(Bloomberg) -- It was an outwardly boring week in the S&P 500. But in chancier corners of the market a decidedly risk-on tone is building, evidence traders are awakening after three months of shell shock.
While broad benchmarks sat still, speculative shares soared, among them companies that recently went public, stocks favored by short sellers, and firms with weaker balance sheets. A seven-week rally was preserved in the Russell 2000, which was joined in record territory by an index of microcaps.
Gains in the third category, companies with shakier finances, breathed new life into a trade that had prevailed for most of the bull market before deteriorating as investors sought safety.

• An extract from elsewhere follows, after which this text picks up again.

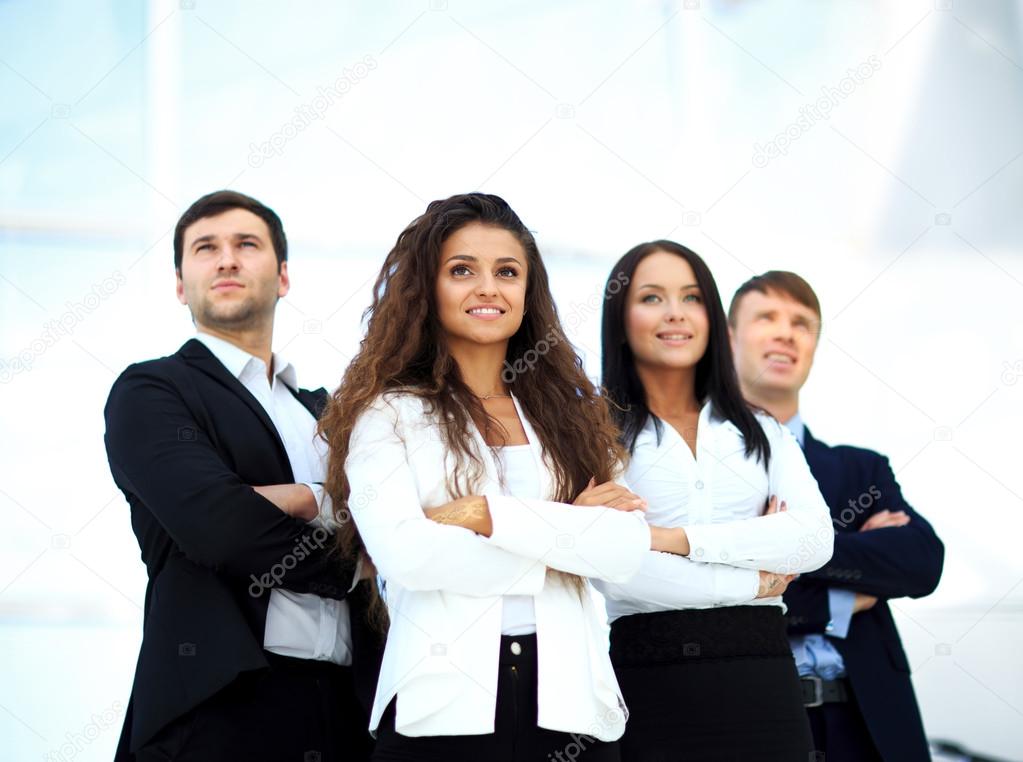 Young smiling businesswoman looking confident while being follow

Known as the low-quality rally, its revival may signal indiscriminate buying pressure is building again for equities.
“Folks feel good about the risk-on trade,” Gary Bradshaw, a portfolio manager at Hodges Capital Management in Dallas, said by phone. “It’s not easy to get people to put money into the market, but you kind of have a healthy consumer, you’ve got healthy corporations, companies buying stock. Life’s good, the way I look at it.”
It was a week billed as the most important stretch for the world economy this year. President Donald Trump met with North Korea’s Kim Jong Un, the Federal Reserve pondered interest rates, the European Central Bank set a limit on bond buying and China vowed to retaliate after the U.S. announced tariffs on $50 billion worth of goods.
Looking at reactions in the broad market, you would’ve thought nothing happened. The wire-to-wire change in the S&P 500 was the smallest of 2018, and benchmark volatility is roughly half its level in late March. Friday looked exciting early as the S&P 500 fell as much as 0.8 percent, but ended in a whimper.
For the five sessions, the S&P 500 gained 1 one-hundredth of a percent, closing at 2,779.42. The Dow Jones Industrial Average lost 0.9 percent to 25,090.48. The Nasdaq Composite Index climbed 1.3 percent to 7,746.38.
Below the surface, things were jumping. Technology companies that went public recently soared. Dropbox Inc., which began trading on March 23, climbed 32 percent. Cloud-based software company Zuora Inc. surged 18 percent, topping off gains of more than 50 percent since the start of the month. An exchange-traded fund that tracks newly public companies, the Renaissance IPO ETF, posted its second-best weekly gain this year.
Avalara Inc., a Seattle-based company that provides sales tax-management solutions, started trading on the NYSE Friday and nearly doubled. There have been 22 technology companies to go public so far this year in the U.S., and they’ve gained an average of 70 percent, weighted by offer size, according to data compiled by Bloomberg.
To Chris Bertelsen, chief investment officer of Aviance Capital, a Florida-based advisory firm, it’s a sign of just how much risk investors are willing to take to juice performance.
“They’re chasing returns,” he said in an interview at Bloomberg’s New York headquarters. “They’ve been forced into taking risk generally in equities where they’re in an area where they’re really not comfortable in.”
As crazy as it’s been, it’s still a little early for comparisons to past IPO frenzies such as the one in 1999. About 130 technology companies made their IPO in the U.S. that year, and the average gain was more than 300 percent, according to Bloomberg data.
The outperformance in weak-balance-sheet companies came even as the Fed was raising interest rates. A basket compiled by Goldman Sachs (NYSE:GS) of companies with flimsier finances outpaced their stronger counterparts this week by more than half a percent. It may signal investor optimism as we enter the summer, according to Bertelsen.
“It shows that it’s actually a pretty healthy economic environment,” he said. “Why would you invest in a company where the balance sheet is stressed? You would do it if you felt that either the company or because of the economic situation that they’re going to grow into a more satisfactory fundamental balance sheet.”
Stocks that speculators bet will fall instead rose. A basket of 50 heavily shorted companies jumped more than 3 percent this week. The performance is more than double that of a separate group of companies favored by hedge-fund longs. The outperformance isn’t completely out of the blue either, as the high short interest stocks have jumped nearly 9 percent since June’s start.
“Honestly, people think growth is going to be the way that the market moves in perpetuity,” Kim Forrest, senior portfolio manager at Fort Pitt Capital Group LLC in Pittsburgh, said by phone. “And whenever I hear the word perpetuity, I know we’re in for a change. Stuff doesn’t last forever.”